Since the Jetty component exposes an endpoint, there is no implicit assumption that the request will be a file so there is no built in functionality for this purpose. You can still determine the name of the file being uploaded as it is passed along in the request in the content-disposition HTTP header.

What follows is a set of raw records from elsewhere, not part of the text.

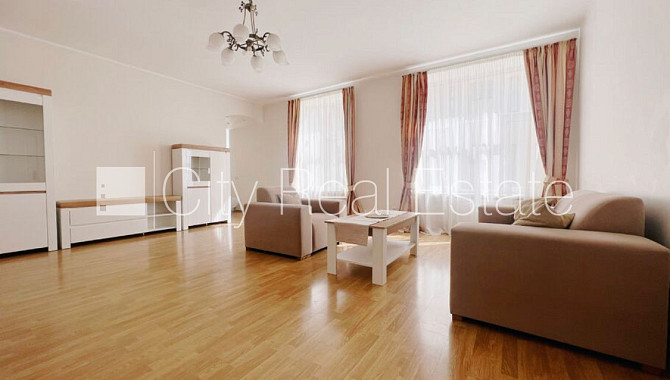 Renovēta māja, slēgts pagalms, kāpņu telpa pēc kapitālā remonta, balkons, sauna, logi Rīga - foto 11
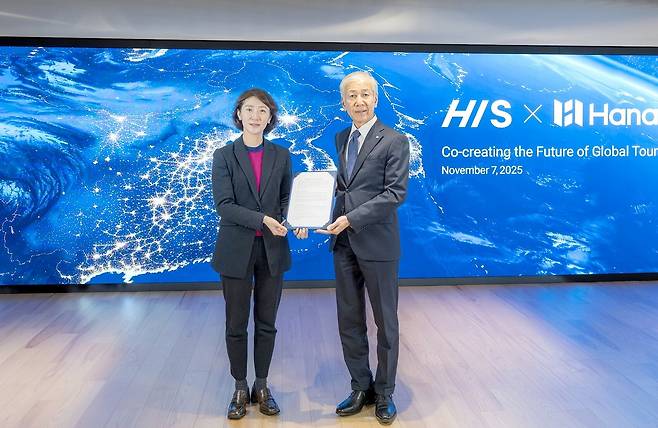 송미선 하나투어 대표이사(왼쪽)와 야다 모토시 HIS 대표이사가 일본에서 협약식을 마친뒤 기념촬영을 하고 있다.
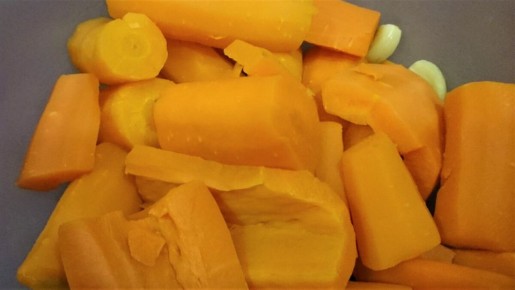 Запеканка из бобовых и морковного пюре: яркое и полезное блюдо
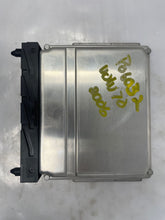 Load image into Gallery viewer, ECU ECM COMPUTER Volvo S60 V70 XC90 05 06 07 2007 - NW63160
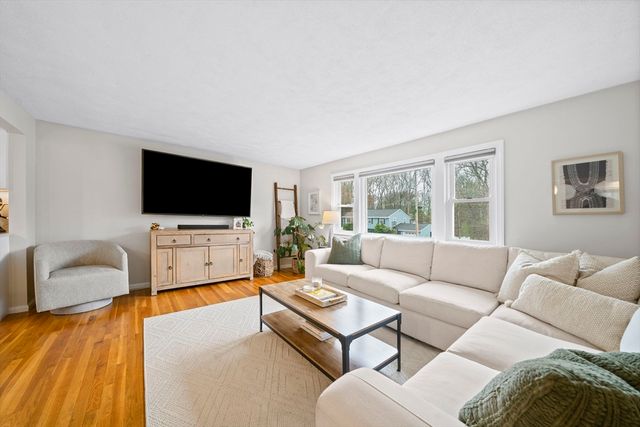 5 Samson Rd, Foxboro, MA 02035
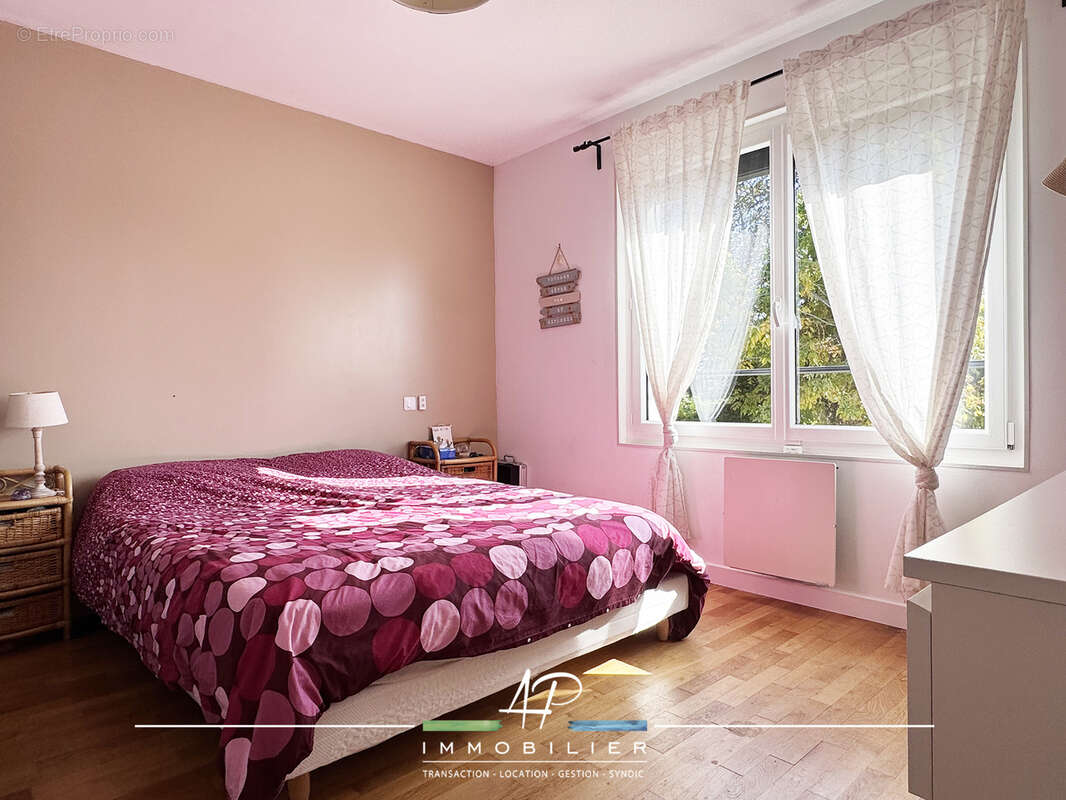 Maison à SAINT-JULIEN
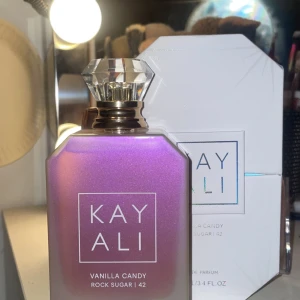 Kayali Vanilla Candy Parfym 100ml - Söt och lekfull parfym med noter av sockrad päron, viol, bubbelgum, vit karamell, sockerkristall och vaniljkräm. Volym: 100 ml. Tillverkad i Frankrike. Ingredienser: alkohol, parfym, vatten, alpha-isomethyl ionone, benzyl benzoate, benzyl salicylate, cinnamal, citral, citronellol, coumarin, geraniol, hydroxycitronellal, limonene, linalool, m.fl.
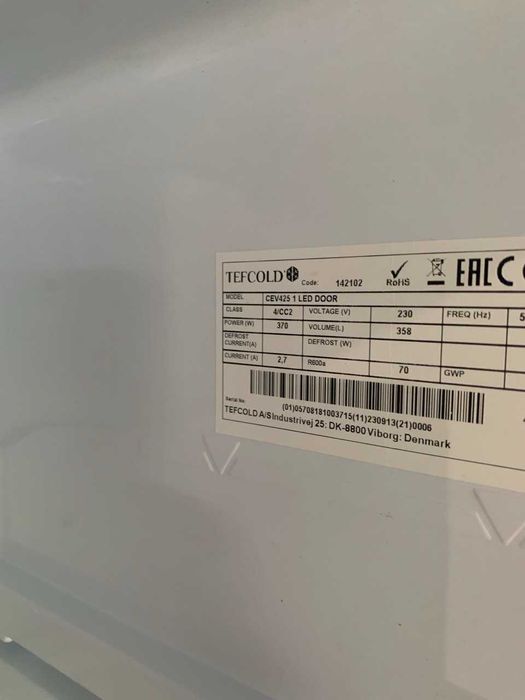 ХОЛОДИЛЬНИК Шафа холодильна Tefcold CEV425 1 LED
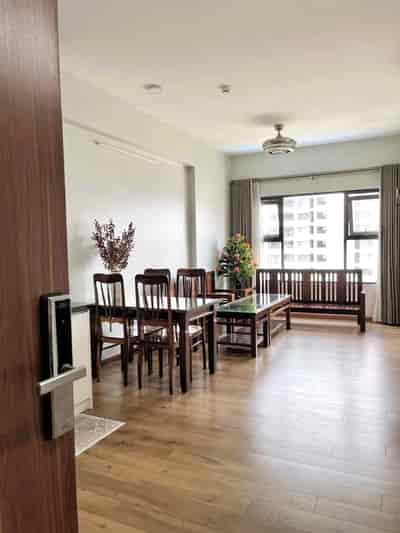 Cho thuê căn hộ 57m2, 2pn full nội thất tầng trung chung cư Flora Novia Linh Tây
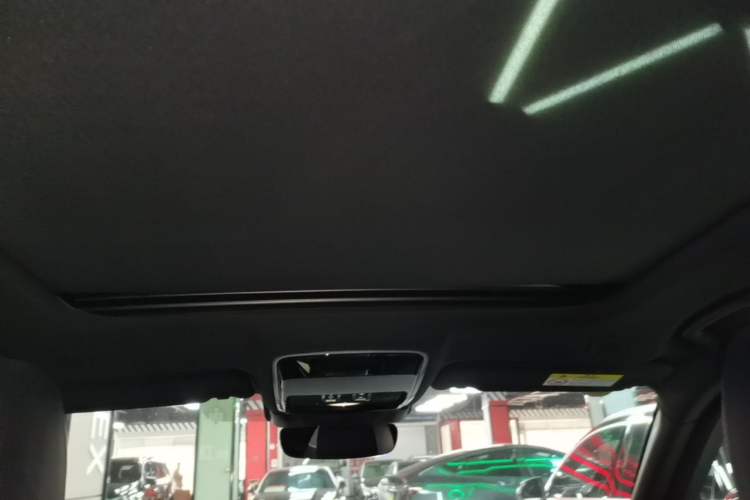 Used Land Rover Range Velar 2024 Dynamic SE Headliner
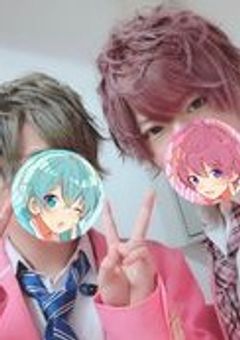 幼馴染二人に取り合いされてます？！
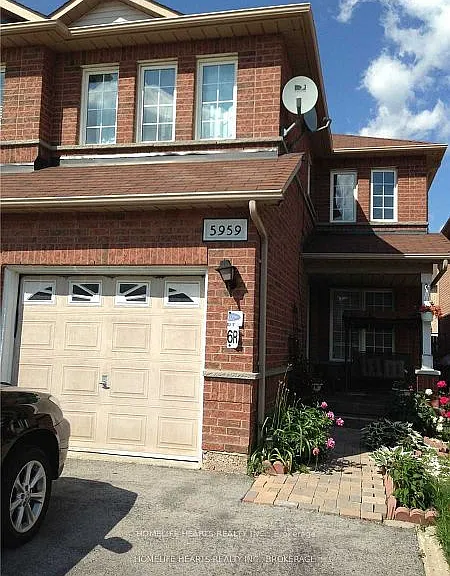 5959 Ridgecrest Trl — Photo 1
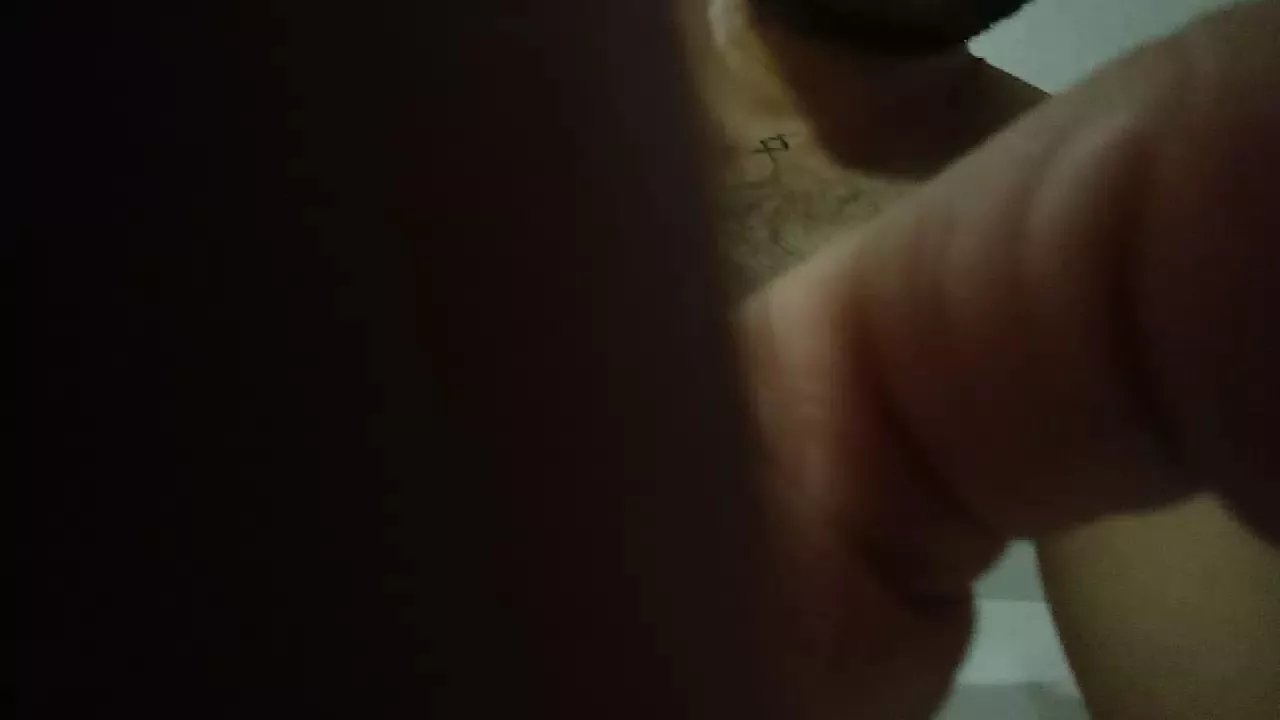 Offline Hanroll on Cam4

You an use a bean to to parse the filename from this header and set another header that can be used in your file endpoint.

This reference[1] describes how you can parse the value out of the header.

Thanks,
Andy

[1] - https://docs.oracle.com/javaee/6/tutorial/doc/glraq.html

-- 
Andrew Block

On September 2, 2015 at 7:01:42 AM, s.marjanovic (slavisa.marjanovic.83@gmail.com) wrote:

Hello,  

I'm creating a route that is supposed the accept an HTTP POST with a file  
and, among other things, archive that file. My route is as shown below:  

from("jetty:http://{{host}}?httpMethodRestrict=POST").routeId("MyRoute")  
.to("file:"+"{{localArchiveFile}}")  
.unmarshal().zipFile()  
.convertBodyTo(String.class)  
.inOnly("amq:queue:MyQueue?timeToLive={{timetolive}}");  

Stream cache is enabled on camel context level.  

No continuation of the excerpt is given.